Unitech, empresa especializada en soluciones tecnológicas para el sector público, reporta que sus plataformas de IA ya procesan millones de trámites al mes en varios países de la región. En Argentina, Chile y Colombia, los sistemas de “procesos inteligentes” automatizan desde la recepción de demandas hasta la notificación automática, reduciendo tiempos que antes se medían en meses a apenas días.

“La IA no solo asiste a la Justicia: ahora también ejecuta procesos”, afirmó Carmona en una entrevista reciente. Según sus datos, la adopción creció un 180% en los últimos dos años, impulsada tanto por la necesidad de descongestionar juzgados como por la presión fiscal para bajar costos operativos del Estado.

El salto cualitativo radica en el paso de herramientas de apoyo (como el reconocimiento de voz o la transcripción automática) a sistemas que toman decisiones autónomas dentro de marcos normativos predefinidos.

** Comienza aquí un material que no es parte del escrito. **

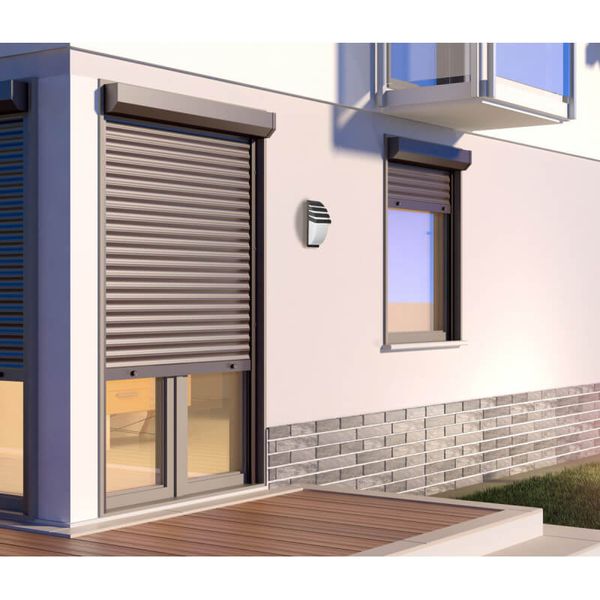 Półokrągła lampa ścienna Mona do ogrodu LED 4W czarna zdjęcie 2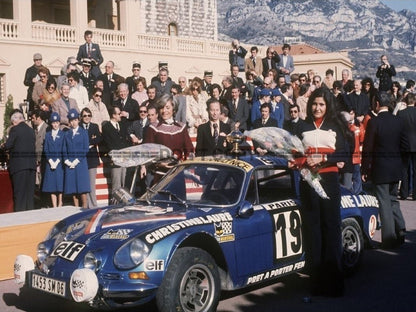 Photo Michèle Mouton – Alpine A110 1600 S – Rallye Monte-Carlo 1976 – 15x20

Un ejemplo concreto son los chatbots judiciales que resuelven consultas de usuarios, generan borradores de resoluciones y hasta proponen conciliaciones en litigios de familia o reclamos de consumo.

Desde una perspectiva comparada, Argentina no está sola en esta carrera. Estonia, pionera mundial en gobierno digital, ya resuelve más del 90% de sus litigios menores mediante IA. En Singapur, el sistema “AI Judge” asiste en la valoración de evidencia y recomienda fallos que los jueces pueden adoptar o modificar. La diferencia local es que aquí la implementación se da en un contexto de alta litigiosidad y desconfianza histórica hacia las instituciones.

Carmona reconoce los riesgos. “La ejecución autónoma exige trazabilidad total y auditoría humana obligatoria en ciertos umbrales”, advierte. Por eso Unitech diseña sus plataformas con un modelo de ‘human-in-the-loop’ para casos por encima de determinada complejidad o monto. La empresa también invierte en explicabilidad: cada decisión de la IA debe poder ser desglosada paso a paso para que un juez o funcionario pueda revisarla.

En el ámbito fiscal y administrativo, la transformación es aún más disruptiva. Sistemas de IA están cruzando bases de datos de AFIP, ANSES y registros provinciales para detectar inconsistencias, predecir incumplimientos y hasta generar boletas de deuda de manera automática. En una provincia del interior, un piloto redujo un 65% el tiempo de resolución de expedientes de permisos de construcción.

El dato no es menor para el inversor y el empresario: la modernización del Estado con IA implica menos filas, menos tiempos muertos y, potencialmente, menor corrupción por discrecionalidad. Pero también plantea preguntas regulatorias que aún no tienen respuesta clara. ¿Quién responde cuando una IA comete un error que genera daño? ¿Cómo se protege la privacidad cuando los algoritmos entrenan con millones de expedientes reales?

Carmona es optimista pero cauto. “La IA ejecutora no reemplaza al juez ni al funcionario; redefine su rol hacia la supervisión de alto nivel y la resolución de casos complejos”, sostiene. En su visión, dentro de cinco años la mayoría de los trámites administrativos y una porción significativa de los judiciales de primera instancia se resolverán sin que un ser humano intervenga en cada paso.

Para el lector argentino acostumbrado a trámites eternos, la promesa suena casi utópica. Sin embargo, los números de Unitech y de otras empresas del sector muestran que el cambio ya no es experimental: es operativo. La pregunta que queda abierta es si el marco legal y la capacitación de los operadores públicos acompañarán la velocidad de la tecnología o si, como suele ocurrir, la regulación llegará tarde y a los tropezones.

Lo cierto es que la modernización del Estado con procesos inteligentes ya no es una promesa futurista. Millones de usuarios en la región la están usando hoy. Y, según Carmona, solo estamos en el comienzo de la curva.